Example: If the operative report states "ventriculoscope to fenestrate the 3rd ventricular tumor cyst" and "placement of VPshunt," pay attention to the overlap and report discretely since an endoscope is being used and subsequently a shunt created in a common procedure. Recognize the two steps in sequence and separately code 62161 (Neuroendoscopy, intracranial; with dissection of adhesions, fenestration of septum pellucidum or intraventricular cysts (including placement, replacement, or removal of ventricular catheter)) and 62223-52, -51 (Creation of shunt; ventriculo-peritoneal, -pleural, other terminus) where the 52 and 51 modifiers indicate the multiple procedures and reduced services, respectively.

Carefully read through the operative notes to know the exact handling of the shunt. You need to identify whether it was replaced or removed. You would report code 62256 (Removal of complete cerebrospinal fluid shunt system; without replacement) or 62258 (Removal of complete cerebrospinal fluid shunt system; with replacement by similar or other shunt at same operation) to clearly describe how the shunts were handled in the operative procedure.

"Depending on what type of replacement or revision the physician does and the CPT codes used to bill for this procedure, there will be an effect on the billing and reimbursement by the total RVU's for these codes," says Thomas.

Bottom line: You may lose almost half the earnings if you wrongly code a replacement (RVU 17.33, $588.81) as a removal (RVU 32.89, $1117.48).

Don't Forget Add-on Codes

Additionally, report add-on code +62160 (Neuroendoscopy, intracranial, for placement or replacement of ventricular catheter and attachment to shunt system or external drainage (List separately in addition to code for primary procedure) with that of the primary procedure if you confirm the documentation of use of a neuroendoscope.
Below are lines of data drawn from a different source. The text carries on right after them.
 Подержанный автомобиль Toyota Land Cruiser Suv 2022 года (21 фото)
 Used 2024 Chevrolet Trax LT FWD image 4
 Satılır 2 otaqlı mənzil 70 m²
Example: If the operative note states, "neurosurgeon places a ventricular shunt routed to the peritoneal cavity using a neuroendoscope," you should report both 62223 and +62160.

Why a Replacement?

As you read through the operative note, you will learn that the replacement of the shunt may have been necessitated by shunt malfunction, non-communicating hydrocephalus, or communicating hydrocephalus. Shunt infection is another common cause for removal of a shunt and its substitution by another one. "The ventricular shunt procedure is performed for patients who have been diagnosed with some form of hydrocephalus e.g. communication, non-communicating normal pressure and hydrocephalus ex-vacuo," explains Thomas. Append ICD-9 code 331.3 (Communicating hydrocephalus, Secondary normal pressure hydrocephalus) for communicating hydrocephalus, 996.63 (Infection and inflammatory reaction due to nervous system device implant and graft) for a shunt infection, and others as appropriate.

Read for Reprogramming Notes

Your neurosurgeon may subsequently perform a reprogramming if the shunt used allowed for one. This is usually done to change the pressure settings to correct under drainage or overdrainage complications. "Reprogramming a programmable shunt involves adjusting the differential valve to achieve the flow of the CSF fluid from the ventricles; this is done by using a magnetic field which allows the stepper valve to be rotated to the desired position," explains Thomas.
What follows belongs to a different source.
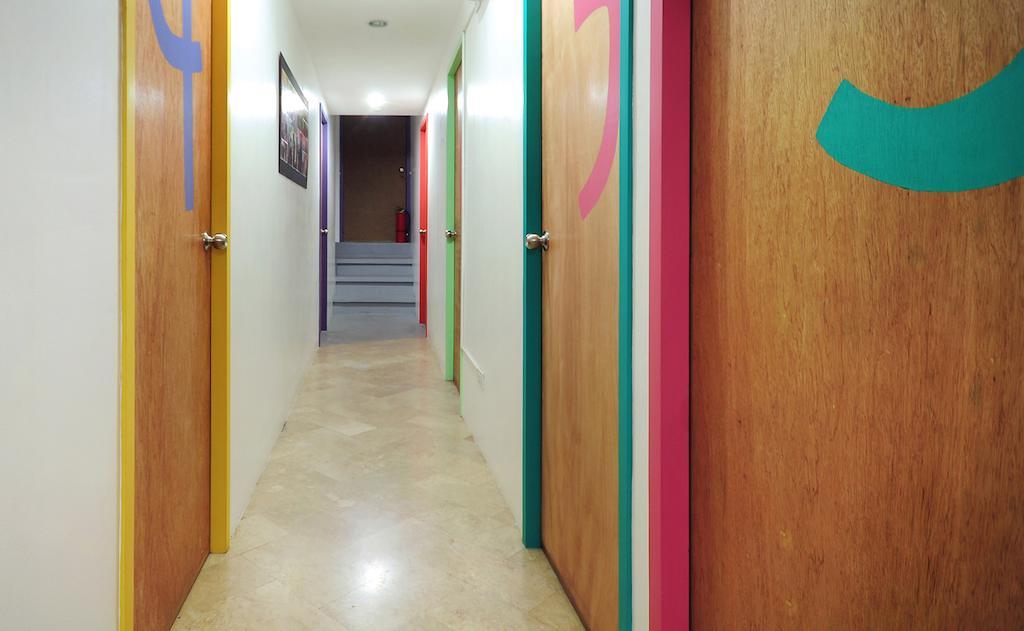 Mnl Boutique Hostel Makati City ภายนอก รูปภาพ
Report 62252 (Reprogramming of programmable cerebrospinal shunt) if the notes specify any pressure adjustments. Carefully read to know if an evaluation and management (E/M) service was performed and if the same was performed on the day when reprogramming was done. In order to separately bill for the E&M service, the documentation should demonstrate that the decision to re-program the shunt occurred as a result of the evaluation and management service.
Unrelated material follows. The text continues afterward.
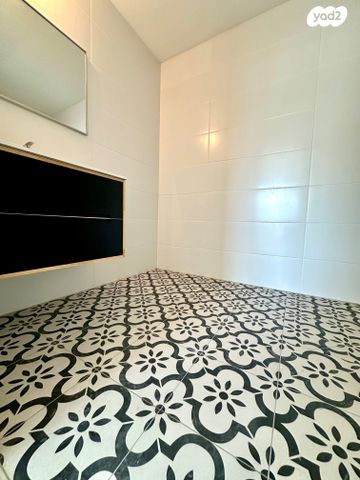 דירה, תרצה אתר, נווה זמר, רעננה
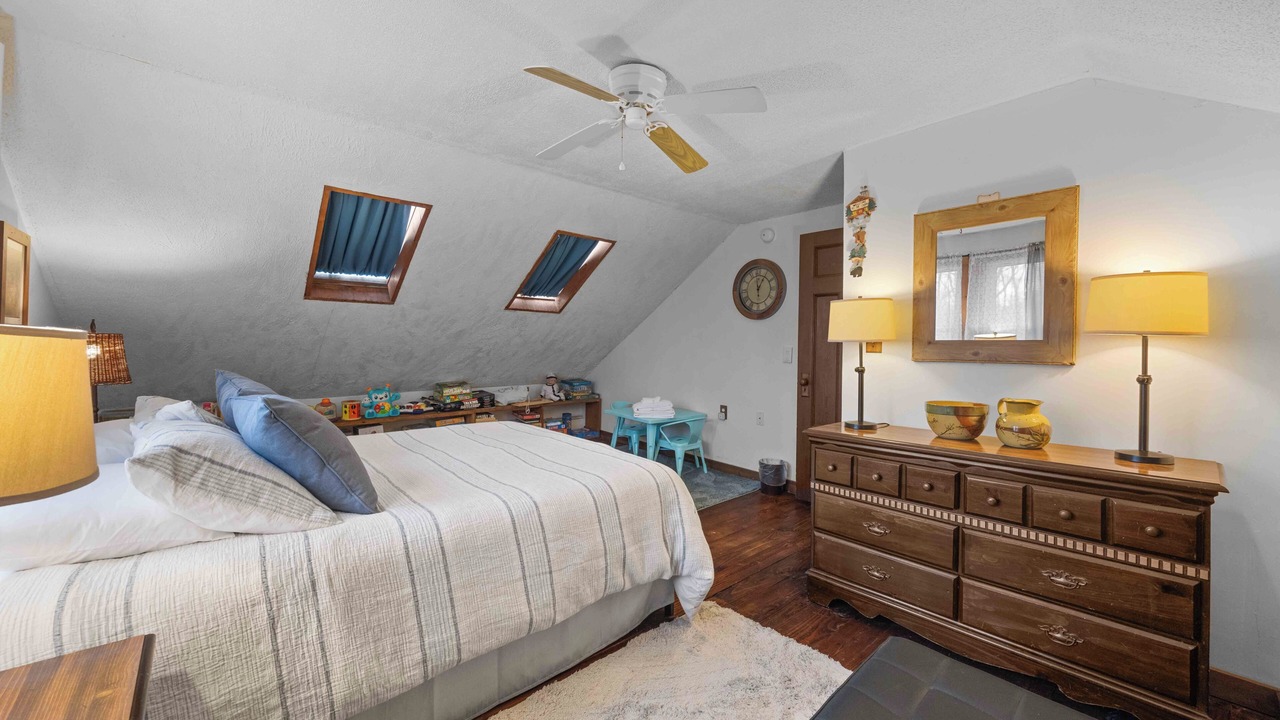 Photo of Bedroom in South Lima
Example: If the note specifies evaluation of headache symptoms to determine their cause and it is decided that an adjustment in shunt pressure is warranted, you would code for the appropriate E/M service (99211-99215) with modifier -25 (Significant, separately identifiable evaluation and management service by the same physician on the same day of the procedure or other service) along with the code for reprogramming.